Kipling lived in Dummerston when he wrote "Rikki-Tikki-Tavi," the story of a mongoose that battled two vicious cobras in far-away India while protecting his human family from harm, said Thomas Pinney, who will give the keynote address Monday at Marlboro College. He lived there from 1892-1896, a time when there was rising anti-English sentiment in the United States. Over time, Kipling soured on the United States, although he continued to like many Americans, said Pinney, a retired professor from California's Pomona College.
"So I thought what I would do, since Kipling told us so much about what he thought about Americans, I'd find out what the Americans thought about him, especially the locals in Vermont," Pinney said. "I thought I'd find a lot of hostile remarks, but it didn't work that way. It appears they liked him. They were sympathetic and flattered by the presence of a great man."
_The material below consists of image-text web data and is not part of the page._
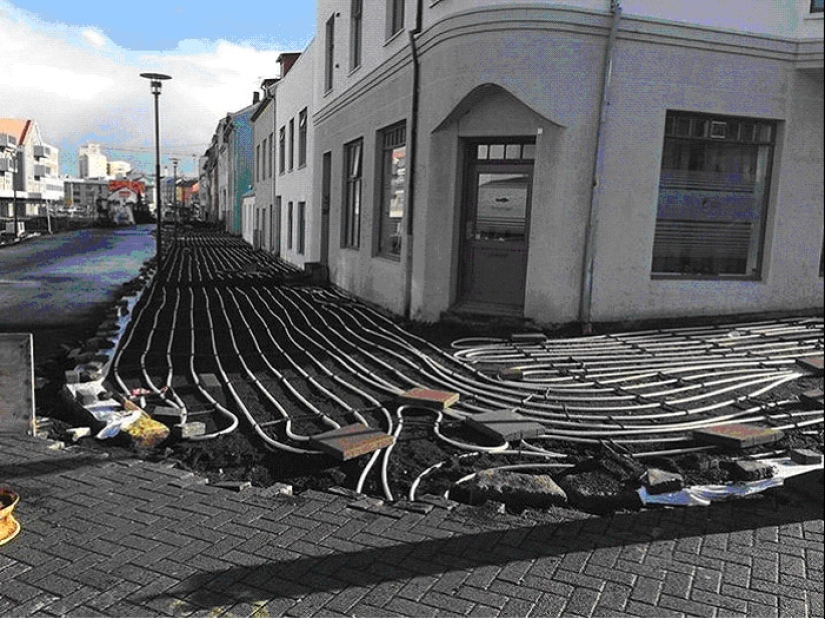 How the sidewalks are heated in Iceland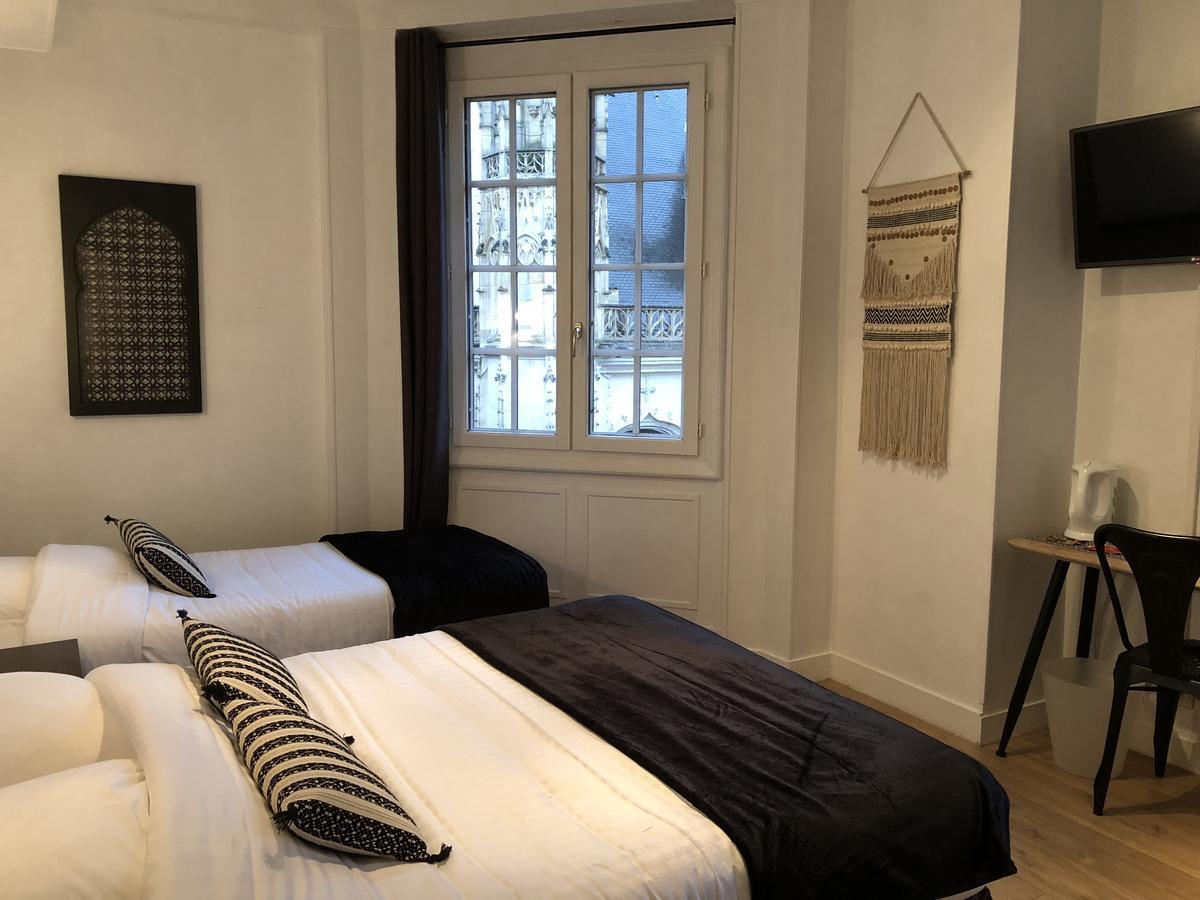 Les Inities Hotel Rouen Bagian luar foto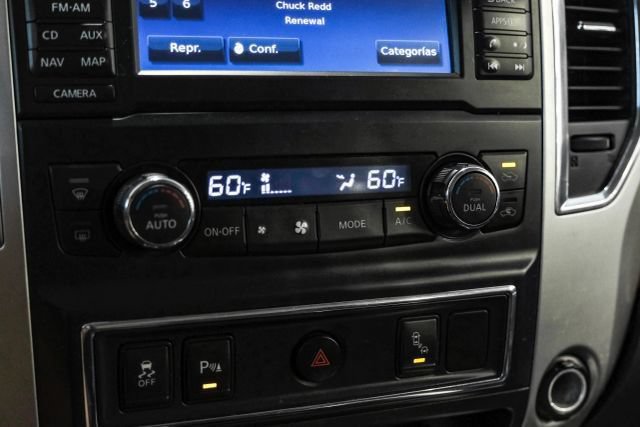 Used 2016 Nissan Titan SL AWD/4WD image 24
Pinney will be among about 60 Kipling scholars from the United Kingdom and the U.S. who will meet at Marlboro College on Monday and Tuesday. They will view some of the college's Kipling holdings, including the contents of his safe deposit box discovered untouched in the early 1990s after almost a century in a Brattleboro bank.
During Kipling's time in Vermont he also wrote the "The Jungle Books," "Captains Courageous," the poems of "The Seven Seas" and many of the stories in "The Day's Work" and "Many Inventions."
Kipling was attracted to Vermont because of his American wife. Part of the draw for the scholars will be the Tuesday tour of Naulakha, the home he built in the shape of a ship, high on a hill overlooking the Connecticut River.